Depending on genre, there just may be a writer’s conference waiting for you. Such conferences usually feature guest speakers, workshops, and opportunities to meet with literary agents, who are the typical conduits between writers and publishers. I was fortunate to attend a few in nearby Athens (at the UGA campus) which was sponsored by the Mystery Writers of America, but there are a number of conferences, either general or targeting specific types of writing.

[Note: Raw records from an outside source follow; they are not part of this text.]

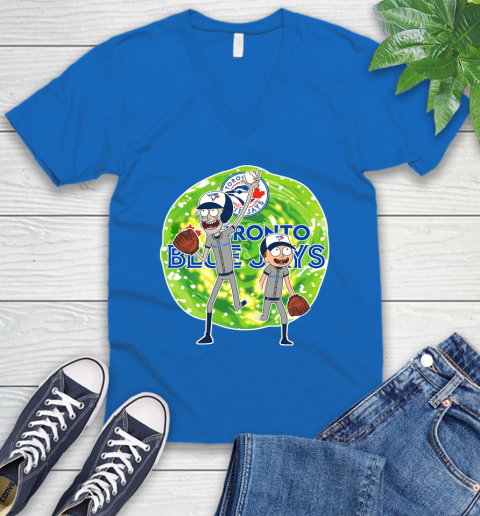 MLB Toronto Blue Jays Rick And Morty Baseball Sports V-Neck T-Shirt 6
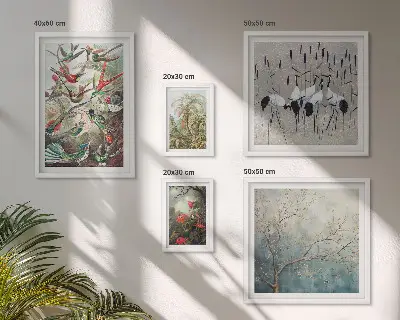 Moderne schilderijen set met vintage tropische vogels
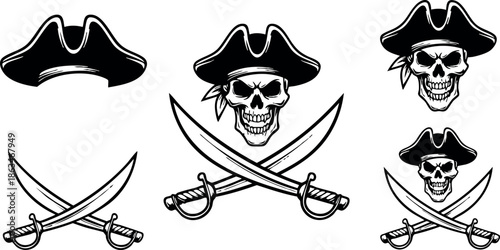 Pirate skull with crossed swords and tricorn hat vector illustration design 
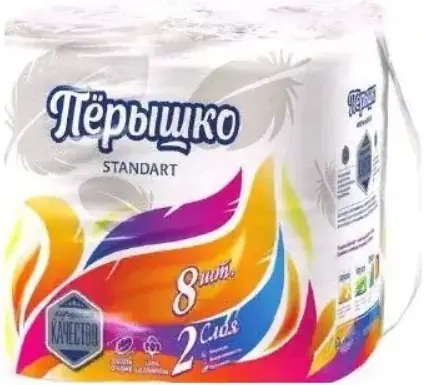 Перышко Standart бумага туалетная (8 рулонов в упаковке)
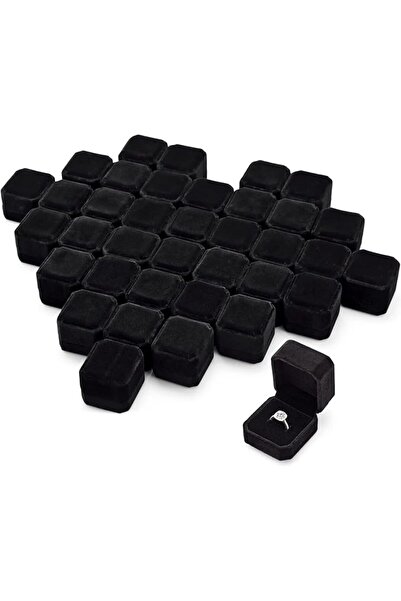 KASTWAVE 36 Pcs Black Velvet Ring Box Set for Wedding Ceremony, Engagement & ...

When the work is more or less complete, if there is no conventional publisher in the picture paying for it, an author seeking to self-publish or polish a manuscript for possible submission should really consider a paid editor. The Writer’s Digest magazine folks have an entire “store” devoted to such services. When I was working on my first novel, a publisher recommended that I go through a course with Writer’s Digest, and the experience taught me quite a lot about the value of editorial assistance.

Whether self-publishing a novel or developing a website and/or a social media publicity campaign, hiring a professional graphic artist is really important. For a web only publication, such as Kindle Direct, I might try the do it yourself method, but even then, it is good to use a site such as Canva.com. However, if there is any serious money going into the project, such as self-publishing in print or multiple platforms, then a cover artist is very helpful. Both The Gift Horse and the second edition of Trinity on Tylos have covers designed by an independent artist. There’s a list of cover artists over at The Creative Penn. By the way, I’d steer clear of Fiver. I tried that, and got nothing, not even a refund for my initial payment.

Once a book is in print or available as an eBook, most writers will want to help with marketing. This can be rather daunting for many writers. The publisher of The Gift Horse (Booklocker) has a companion site, Writer’s Weekly, which has some links to paying markets for shorter works, as well as articles about writing and marketing.

There are a lot of companies that offer “services” to authors. Be very careful to choose wisely, or money that should have been spent on editing and cover design will be frittered away on something else. While some of these resources have costs, others are cheap or even free. Regardless of how much money you spend, for a novelist the two most important resources are editing and cover design—in that order.